Data block:

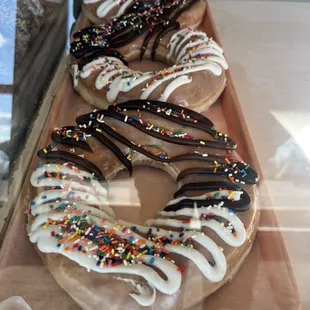 a row of doughnuts with white icing and sprinkles
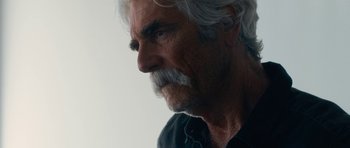 Movie still from “The Hero” (2017), directed by Brett Haley – An older man with white hair and a beard; Close Up shot, Over the shoulder angle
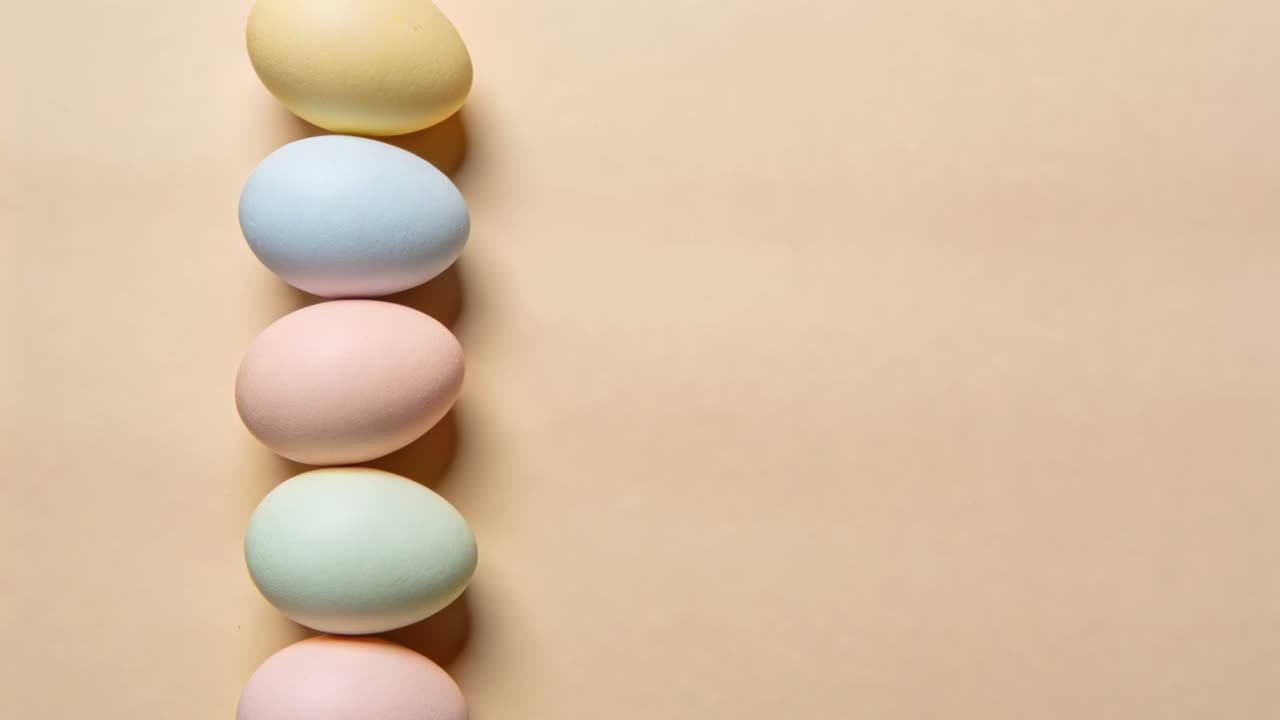 Shifting five pastel eggs rising on left beige surface casting soft shadows after nudge, copy space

Work instructions:
Retype the lines starting with the one that holds "Movie still from" and ending with the last line of the data above, both included; skip the pictures.

Task solution:
 Movie still from “The Hero” (2017), directed by Brett Haley – An older man with white hair and a beard; Close Up shot, Over the shoulder angle
 Shifting five pastel eggs rising on left beige surface casting soft shadows after nudge, copy space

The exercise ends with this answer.